Research Direction

The Information Analytics and Economic Impact Research Lab focuses on developing and applying various information analytics approaches on important business problems faced by enterprises.

Current research focuses include:

 Text Mining for Business Decision Making

Textual data found in news articles, on-line forums, blogs, and financial reports often contain valuable information for the assessment of firms’ future development as well as their market values. However, current information systems and technologies provide limited support for representing, extracting, and quantifying this type of information in textual data. We are interested in developing a framework that can be used to represent and extract business-related information in textual data so that valuable information embedded within can be used to augment empirical finance and accounting research. This research direction may be fruitful given the fact that written documents such as newswires and research reports play an important role to disseminate information in financial markets.

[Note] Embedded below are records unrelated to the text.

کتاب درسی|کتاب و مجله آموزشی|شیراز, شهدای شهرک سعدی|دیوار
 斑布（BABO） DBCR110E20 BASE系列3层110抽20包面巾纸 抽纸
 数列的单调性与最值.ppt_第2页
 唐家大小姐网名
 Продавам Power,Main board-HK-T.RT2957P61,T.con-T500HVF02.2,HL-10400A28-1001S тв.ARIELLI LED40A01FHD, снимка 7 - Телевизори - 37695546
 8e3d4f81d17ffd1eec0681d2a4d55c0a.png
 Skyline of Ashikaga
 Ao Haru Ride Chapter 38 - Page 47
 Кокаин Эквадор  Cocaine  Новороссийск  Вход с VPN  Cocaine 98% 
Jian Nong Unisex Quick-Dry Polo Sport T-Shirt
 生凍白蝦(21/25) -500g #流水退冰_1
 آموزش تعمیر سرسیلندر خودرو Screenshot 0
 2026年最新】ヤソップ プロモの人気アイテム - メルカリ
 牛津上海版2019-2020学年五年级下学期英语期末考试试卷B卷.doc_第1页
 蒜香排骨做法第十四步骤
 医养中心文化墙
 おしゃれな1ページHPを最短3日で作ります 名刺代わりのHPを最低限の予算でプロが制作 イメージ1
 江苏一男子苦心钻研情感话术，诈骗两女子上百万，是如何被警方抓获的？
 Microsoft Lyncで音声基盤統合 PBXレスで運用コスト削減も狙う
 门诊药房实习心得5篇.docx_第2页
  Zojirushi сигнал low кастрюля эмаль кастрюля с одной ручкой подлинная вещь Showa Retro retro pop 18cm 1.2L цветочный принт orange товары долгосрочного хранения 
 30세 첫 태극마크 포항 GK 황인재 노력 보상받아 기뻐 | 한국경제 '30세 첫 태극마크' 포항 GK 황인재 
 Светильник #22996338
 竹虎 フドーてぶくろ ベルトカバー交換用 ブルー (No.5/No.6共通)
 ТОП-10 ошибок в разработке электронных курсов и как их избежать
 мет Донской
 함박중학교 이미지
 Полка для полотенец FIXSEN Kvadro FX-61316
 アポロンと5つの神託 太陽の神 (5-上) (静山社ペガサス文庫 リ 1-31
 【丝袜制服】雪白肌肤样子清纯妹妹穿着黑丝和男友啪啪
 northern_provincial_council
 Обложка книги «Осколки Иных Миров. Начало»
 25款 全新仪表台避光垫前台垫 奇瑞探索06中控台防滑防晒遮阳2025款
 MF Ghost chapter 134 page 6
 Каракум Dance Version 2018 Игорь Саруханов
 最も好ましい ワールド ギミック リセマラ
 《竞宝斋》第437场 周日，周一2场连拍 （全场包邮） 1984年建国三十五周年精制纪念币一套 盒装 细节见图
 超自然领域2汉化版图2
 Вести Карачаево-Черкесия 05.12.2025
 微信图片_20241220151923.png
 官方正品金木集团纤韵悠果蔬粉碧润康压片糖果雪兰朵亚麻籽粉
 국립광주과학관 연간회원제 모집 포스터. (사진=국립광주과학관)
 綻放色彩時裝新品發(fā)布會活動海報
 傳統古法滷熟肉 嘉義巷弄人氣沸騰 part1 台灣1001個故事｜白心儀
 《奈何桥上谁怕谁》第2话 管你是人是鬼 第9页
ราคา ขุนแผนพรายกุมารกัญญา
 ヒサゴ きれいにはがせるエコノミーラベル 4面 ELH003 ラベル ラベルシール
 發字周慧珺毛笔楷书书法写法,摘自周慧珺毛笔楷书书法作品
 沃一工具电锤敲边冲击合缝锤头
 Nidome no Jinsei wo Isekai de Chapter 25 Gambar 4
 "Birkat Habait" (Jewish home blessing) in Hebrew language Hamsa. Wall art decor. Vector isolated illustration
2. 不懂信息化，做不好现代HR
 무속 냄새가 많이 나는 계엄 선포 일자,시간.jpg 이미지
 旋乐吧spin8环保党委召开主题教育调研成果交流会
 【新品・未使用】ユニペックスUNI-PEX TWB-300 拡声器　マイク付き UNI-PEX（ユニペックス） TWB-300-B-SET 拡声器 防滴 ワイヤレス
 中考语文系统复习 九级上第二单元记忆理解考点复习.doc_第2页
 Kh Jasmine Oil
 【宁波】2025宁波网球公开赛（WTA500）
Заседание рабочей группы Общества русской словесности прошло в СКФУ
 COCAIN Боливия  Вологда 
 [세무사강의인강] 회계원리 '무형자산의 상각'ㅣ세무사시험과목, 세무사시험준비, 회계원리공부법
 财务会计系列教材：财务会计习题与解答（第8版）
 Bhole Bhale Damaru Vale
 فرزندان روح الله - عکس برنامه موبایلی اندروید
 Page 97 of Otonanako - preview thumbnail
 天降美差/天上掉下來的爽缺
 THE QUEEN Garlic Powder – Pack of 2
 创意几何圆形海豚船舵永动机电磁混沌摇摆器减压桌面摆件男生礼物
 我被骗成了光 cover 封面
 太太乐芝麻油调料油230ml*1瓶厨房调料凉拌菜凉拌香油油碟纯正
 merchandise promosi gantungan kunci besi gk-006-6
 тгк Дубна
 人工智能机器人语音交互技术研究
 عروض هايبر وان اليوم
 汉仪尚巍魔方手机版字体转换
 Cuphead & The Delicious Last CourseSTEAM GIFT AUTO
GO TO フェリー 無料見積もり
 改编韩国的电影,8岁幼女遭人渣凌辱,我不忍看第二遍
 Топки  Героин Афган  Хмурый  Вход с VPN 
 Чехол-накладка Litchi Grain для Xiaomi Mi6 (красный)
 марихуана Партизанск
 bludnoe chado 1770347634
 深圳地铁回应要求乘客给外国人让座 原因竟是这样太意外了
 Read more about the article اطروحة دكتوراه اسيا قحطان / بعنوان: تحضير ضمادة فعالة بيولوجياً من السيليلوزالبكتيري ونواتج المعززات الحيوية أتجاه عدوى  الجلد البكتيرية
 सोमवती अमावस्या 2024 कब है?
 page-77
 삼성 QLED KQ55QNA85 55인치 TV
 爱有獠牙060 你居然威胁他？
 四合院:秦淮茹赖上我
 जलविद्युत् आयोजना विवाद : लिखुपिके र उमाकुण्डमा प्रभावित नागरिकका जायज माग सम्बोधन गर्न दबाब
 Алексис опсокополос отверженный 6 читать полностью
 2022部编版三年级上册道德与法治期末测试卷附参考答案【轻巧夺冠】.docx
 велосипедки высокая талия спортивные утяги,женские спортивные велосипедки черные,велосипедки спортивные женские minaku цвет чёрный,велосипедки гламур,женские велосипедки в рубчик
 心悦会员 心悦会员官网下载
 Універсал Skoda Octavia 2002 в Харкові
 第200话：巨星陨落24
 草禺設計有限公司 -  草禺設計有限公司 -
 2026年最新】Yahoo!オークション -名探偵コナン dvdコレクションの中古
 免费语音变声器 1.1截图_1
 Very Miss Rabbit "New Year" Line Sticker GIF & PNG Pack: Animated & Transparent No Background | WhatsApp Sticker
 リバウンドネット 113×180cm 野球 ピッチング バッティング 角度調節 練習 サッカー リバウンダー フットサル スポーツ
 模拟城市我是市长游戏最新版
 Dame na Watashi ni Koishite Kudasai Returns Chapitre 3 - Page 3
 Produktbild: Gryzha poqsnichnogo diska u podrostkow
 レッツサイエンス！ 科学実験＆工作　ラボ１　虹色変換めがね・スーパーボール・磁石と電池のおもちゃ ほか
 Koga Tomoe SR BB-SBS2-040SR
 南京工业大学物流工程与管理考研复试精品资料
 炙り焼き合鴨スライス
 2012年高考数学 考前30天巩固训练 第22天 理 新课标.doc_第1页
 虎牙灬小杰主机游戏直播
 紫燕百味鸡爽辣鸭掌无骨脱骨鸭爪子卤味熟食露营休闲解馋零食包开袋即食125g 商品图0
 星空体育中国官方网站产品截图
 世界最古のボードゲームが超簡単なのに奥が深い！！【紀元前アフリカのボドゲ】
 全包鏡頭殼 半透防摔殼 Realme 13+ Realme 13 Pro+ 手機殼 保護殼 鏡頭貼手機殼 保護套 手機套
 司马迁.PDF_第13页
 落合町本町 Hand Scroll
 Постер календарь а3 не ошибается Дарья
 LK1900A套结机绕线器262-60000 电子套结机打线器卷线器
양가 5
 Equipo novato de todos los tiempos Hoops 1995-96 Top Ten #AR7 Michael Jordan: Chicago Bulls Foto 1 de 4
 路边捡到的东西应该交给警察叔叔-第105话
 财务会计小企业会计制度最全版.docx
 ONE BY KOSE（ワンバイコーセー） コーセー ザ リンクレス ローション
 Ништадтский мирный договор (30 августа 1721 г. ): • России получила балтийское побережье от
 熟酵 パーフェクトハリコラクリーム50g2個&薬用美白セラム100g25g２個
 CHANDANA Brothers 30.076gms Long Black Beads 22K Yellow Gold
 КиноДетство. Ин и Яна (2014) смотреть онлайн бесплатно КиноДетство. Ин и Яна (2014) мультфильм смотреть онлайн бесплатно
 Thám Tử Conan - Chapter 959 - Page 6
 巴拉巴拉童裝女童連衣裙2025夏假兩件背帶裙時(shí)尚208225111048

One of the technical aspect of this research direction is to develop an automated approach that can be used to recognize risk-related information in news articles. While this research direction is still in its infant stage, we managed to developed a few prototype systems that allow us to understand its potential. We published the initial research results in IEEE Intelligence Systems and leading IS and accounting conferences such as International Conference on Information Systems (ICIS) and American Accounting Association (AAA).

 

Economic Impact of Textual Data

Accounting numbers such as earnings per share are an important source that conveys the value of firms. Previous studies on return-earnings relation have confirmed that stock prices react to the information content in accounting numbers. However, other information sources such as financial news may also contain value-relevant information and affect investors’ reaction to earnings announcements. Studying the interaction among various information source may help us understand how investors make use of information from different sources. In one of our recent study, we quantify news coverage and news sentiment about S&P 500 constituents in the Wall Street Journal before earnings announcements and model their interaction with the return-earnings relation. Our empirical results show a strong corroboration effect for positive news sentiment followed by positive earnings surprise. Moreover, negative news sentiment news followed by positive earnings surprise exhibit a surprise effect. The results suggest that investors are sophisticated in considering managers’ motivation behind accounting disclosure when exposed to multiple sources of information. Part of the research results have been accepted for publication in Decision Support Systems.

 

Syndromic Surveillance Systems

The goal of syndromic surveillance systems is to develop information technology to identify potential disease outbreaks in a timely manner. We pursue the goal by taking advantage of the free-text chief complaints entered by triage nurses. Since many diseases may show similar symptoms at early stages, the free-text chief complaints need to be classified into syndrome groups to facilitate subsequent analysis. We developed an ontology-based chief complaint classification approach that can handle unseen free-text chief complaints by leveraging the large medical terminology ontology. This research is published in Journal of Biomedical Informatics, an leading medical informatics journal. We further extended our approach to handle Chinese chief complaint. We developed a list of key Chinese medical terminology using statistical approaches. This set of terms are then used to map the Chinese chief complaints into English. Evaluation results show that our approach is better approaches based on leading machine translation systems. Our findings are published in International Journal of Medical Informatics.

 

Outlier Detection and Disease Outbreak Detection

Accurate and timely detection of infectious disease outbreaks provides valuable information which can enable public health officials to respond to major public health threats in a timely fashion. However, disease outbreaks are often not directly observable. For surveillance systems used to detect outbreaks, noises caused by routine behavioral patterns and by special events can further complicate the detection task. Most existing detection methods combine a time series filtering procedure followed by a statistical surveillance method. The performance of this "two-step” detection method is hampered by the unrealistic assumption that the training data are outbreak-free. Moreover, existing approaches are sensitive to extreme values, which are common in real-world data sets. We considered the problem of identifying outbreak patterns in a syndrome count time series using Markov switching models. The disease outbreak states are modeled as hidden state variables which control the observed time series. A jump component is introduced to absorb sporadic extreme values that may otherwise weaken the ability to detect slow-moving disease outbreaks. Our approach outperformed several state-of-the-art detection methods in terms of detection sensitivity using both simulated and real-world data. This research result is published in IEEE Transactions on Knowledge and Data Engineering.